**What you will do**
A word-for-word reproduction of the data below is needed, with no pictures in it.

**Collected data**
□ □ □

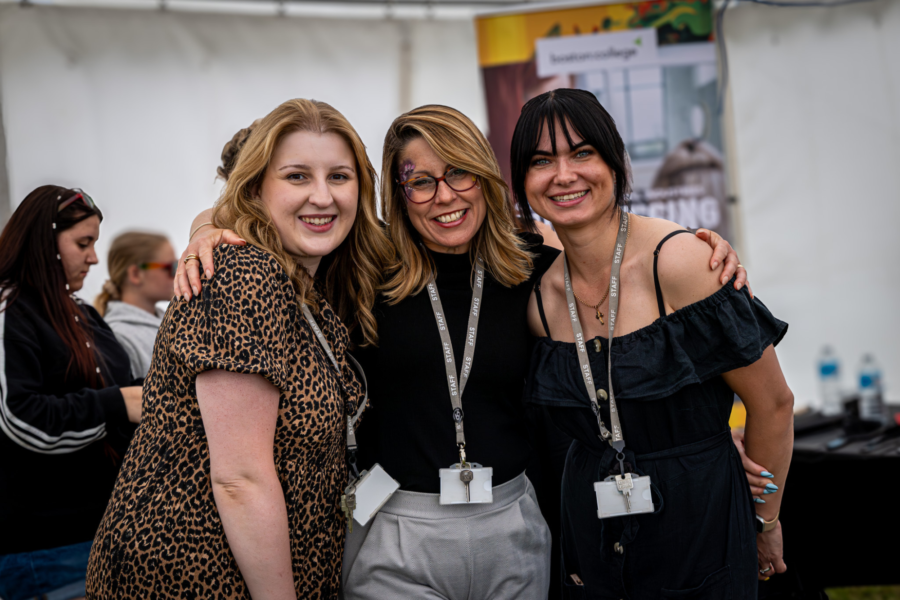 Three staff members stood smiling at an event.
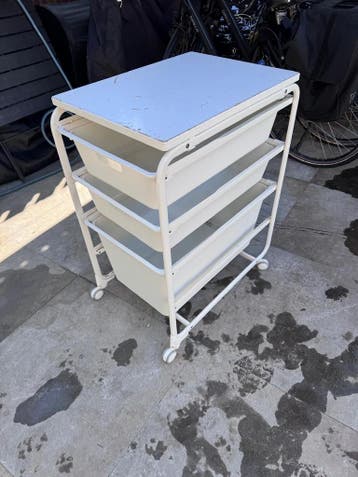 Witte trolley met lades en beschadigd blad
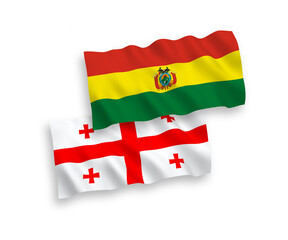 National vector fabric wave flags of Bolivia and Georgia isolated on white background. 1 to 2 proportion.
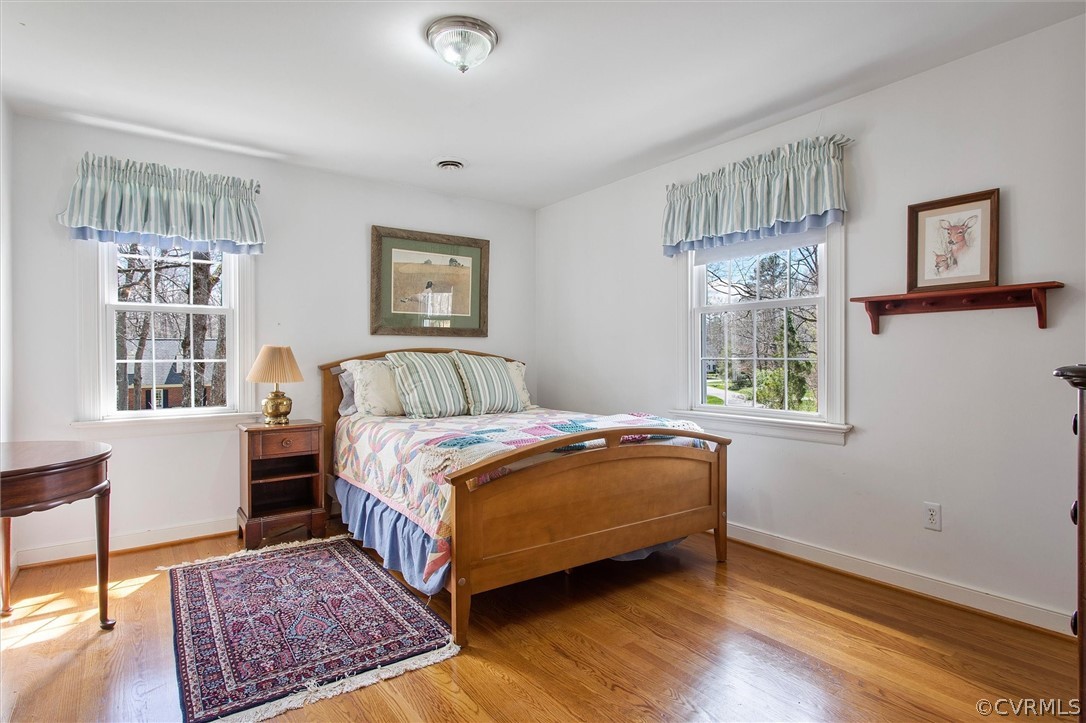 2800 Queenswood Road Midlothian, VA 23113 - Photo 31 of 45 a bedroom with a bed wooden floor and window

□ □ □

**Solution to this problem**
 Three staff members stood smiling at an event.
 Witte trolley met lades en beschadigd blad
 National vector fabric wave flags of Bolivia and Georgia isolated on white background. 1 to 2 proportion.
 2800 Queenswood Road Midlothian, VA 23113 - Photo 31 of 45 a bedroom with a bed wooden floor and window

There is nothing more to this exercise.